The three mechanisms do not have the same effect.

  • Salary feeds recurring remuneration, social protection and future rights.
  • The classic premium can be contractual, conventional or linked to use.
  • The PPV responds to its own regime, with its ceilings, its rules and its non-substitution conditions.

PPV cannot replace:

  • a salary increase already planned;
  • a bonus mentioned in the contract;
  • a salary agreement;
  • a practice in force in the company.

This rule is crucial. We still see leaders wanting to "replace" a lasting increase with a more flexible PPV. On paper, the economy looks attractive. In real life, this often means moving the problem forward in time.

How to pour it without error

The remittance must be prepared as a real payroll sequence, not as a line added at the last minute.

We recommend checking:

  • the setting text;
  • the employees concerned on the reference date;
  • the modulation criteria;
  • the gross, net social and net amount to be paid;
  • the applicable tax treatment;
  • the payment schedule;
  • the impact on other premiums;
  • possible payment in one or more installments.

The law allows two value sharing bonuses for the same calendar year. The payment can be split, up to once per quarter. This provides flexibility, but it also requires rigorous monitoring.

A concrete example

Let's take a SME with 24 employees which had a decent year but without abundant cash flow. The manager wants to send a positive signal without creating a fixed increase that he will not be able to maintain.

The correct approach then consists of:

1. check if the company falls within the scope of mandatory or optional value sharing; 2. choose between PPV, profit-sharing or classic bonus; 3. set simple and stable criteria; 4. validate the payroll processing before communication; 5. measure the real impact on the annual budget.

In another company, more structured, the PPV can be combined with a profit-sharing agreement or a savings plan. In this case, the benefit of the system is not only fiscal. It is also managerial: giving employees visibility on how value is shared.

Mistakes we often see

  • confuse PPV and salary increase;
  • promise the device before having validated the text;
  • adjust the amounts without objective criteria;
  • forget the employees' reference date;
  • poorly handle the impact on payroll;
  • believing that PPV is automatic because it is "in fashion";
  • not checking the exemption ceilings and their conditions of application.

On the files that we take over, the real concern is not the payment itself. It's almost always the lack of initial framing.

PPV and executive remuneration strategy

For a leader, PPV is only one piece of the puzzle. You also need to think about:

  • the distribution between salary and dividends;
  • social security contributions;
  • cash flow needs;
  • social protection for the manager;
  • the team loyalty policy.

**To properly arbitrate, you must also read our article are bonuses taxable?, the comparison dividends vs salary and our file optimization of executive compensation. The PPV becomes relevant when it is part of a coherent remuneration strategy, and not when it serves as a patch.

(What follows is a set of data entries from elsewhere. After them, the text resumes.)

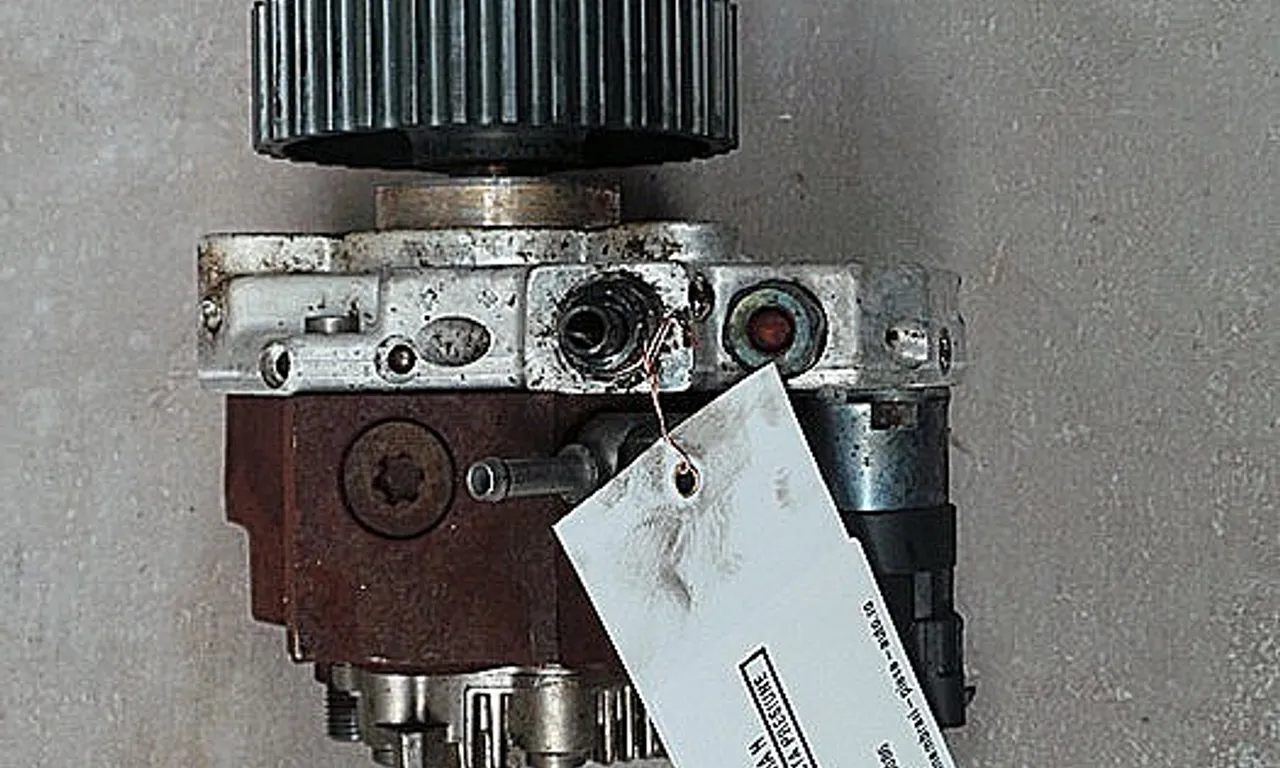 POMPA INALTA PRESIUNE OPEL ASTRA H 2004-2014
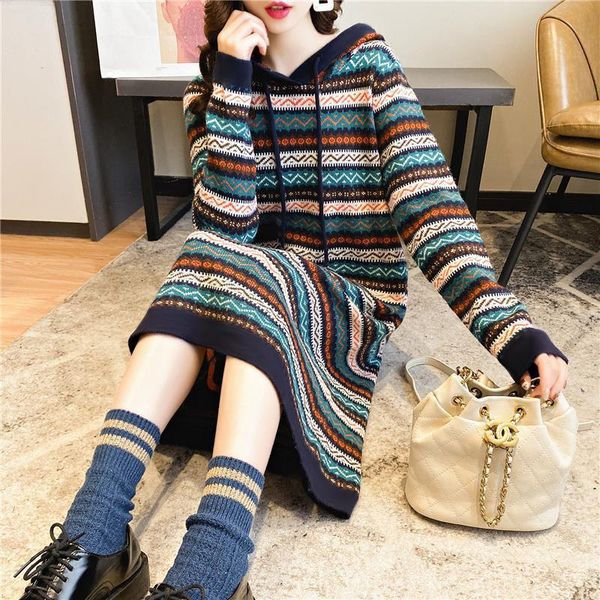 mid-length autumn and winter retro ethnic stripes over the knee plus velvet thick loose long-sleeved hooded pullover woolen coat women', White;black
mid-length autumn and winter retro ethnic stripes over the knee plus velvet thick loose long-sleeved hooded pullover woolen coat women', White;black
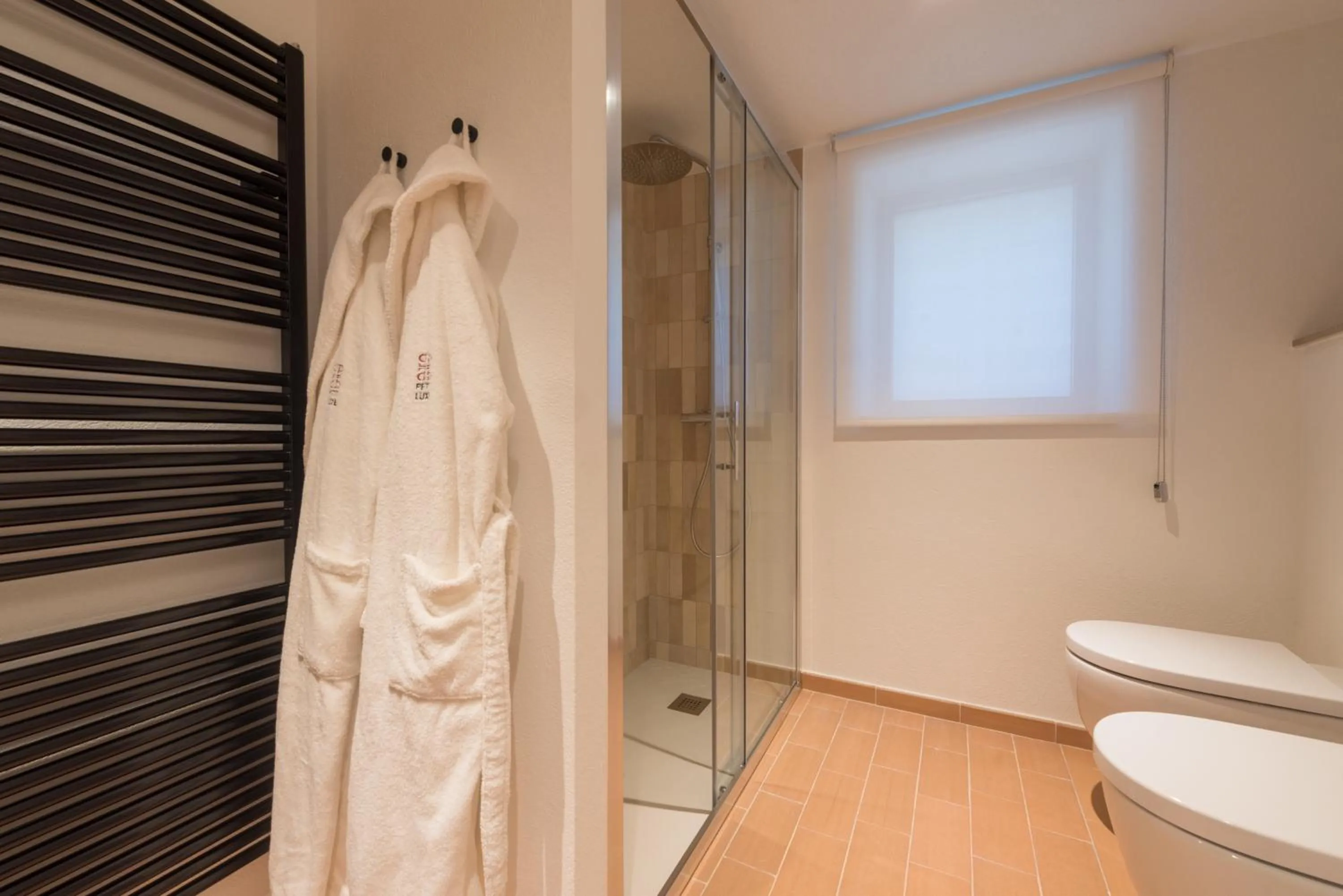 Toilet in La Piconera (Petit Luxe)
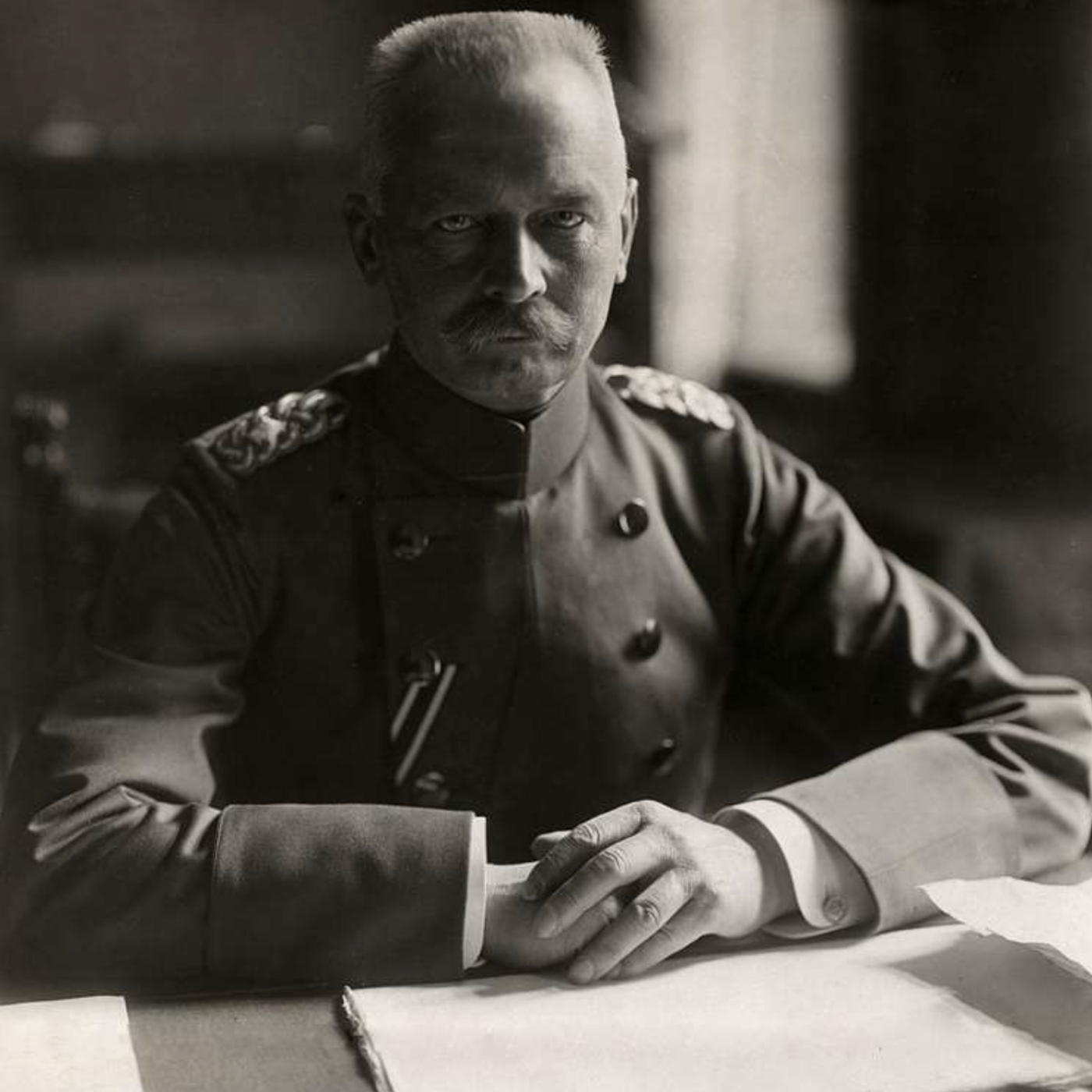 S8 Ep1164: Nick Lloyd continues: by late 1915, commanders on both sides realized that the trench deadlock could not be easily shattered through traditional maneuvers. During the Second Battle of Champagne, the French and Germans engaged in a constant evolution of de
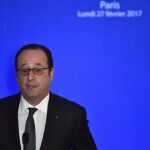 El presidente de Francia Francois Hollande pronuncia un discurso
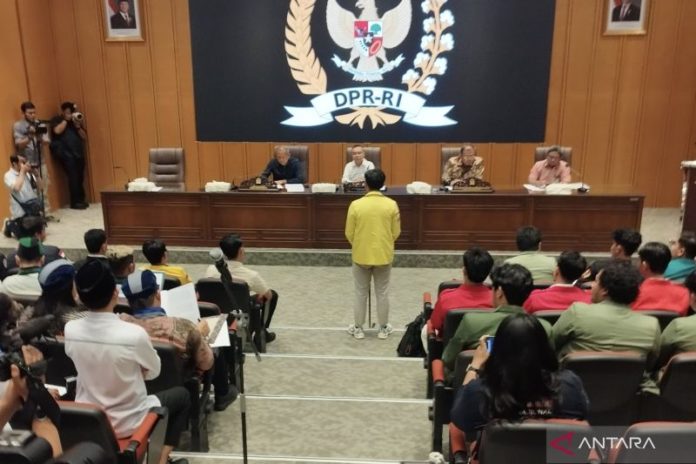 Elemen Mahasiswa Diterima Pimpinan DPR, Ingatkan Spal 17+8 Tuntutan Rakyat 1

Frequently asked questions

Is PPV still exempt?+

No. The scheme depends on the employee's situation, the size of the company, the payment date and the conditions provided for by the texts. This is precisely why it is necessary to check the concrete case before paying the premium.

Can we pay it to everyone with the same amount?+

Yes, it's possible if the implementing text provides for it. But the company can also adjust the bonus according to objective criteria such as remuneration, seniority or effective presence.

Can we replace a 13th month with a PPV?+

No. The PPV must not replace an element of remuneration already due. If a 13th month exists in the contract, agreement or usage, it must be maintained.

Can the bonus be placed in a savings plan?+

Yes, at the employee's request, the premium can be directed towards a company PEE or PER, which may change the applicable treatment. However, it is necessary to check the terms and exact effects before payment.

Is a collective agreement needed to set up PPV?+

Not necessarily. The bonus can also be established by a unilateral decision by the employer, provided that the rules of substance and form are respected.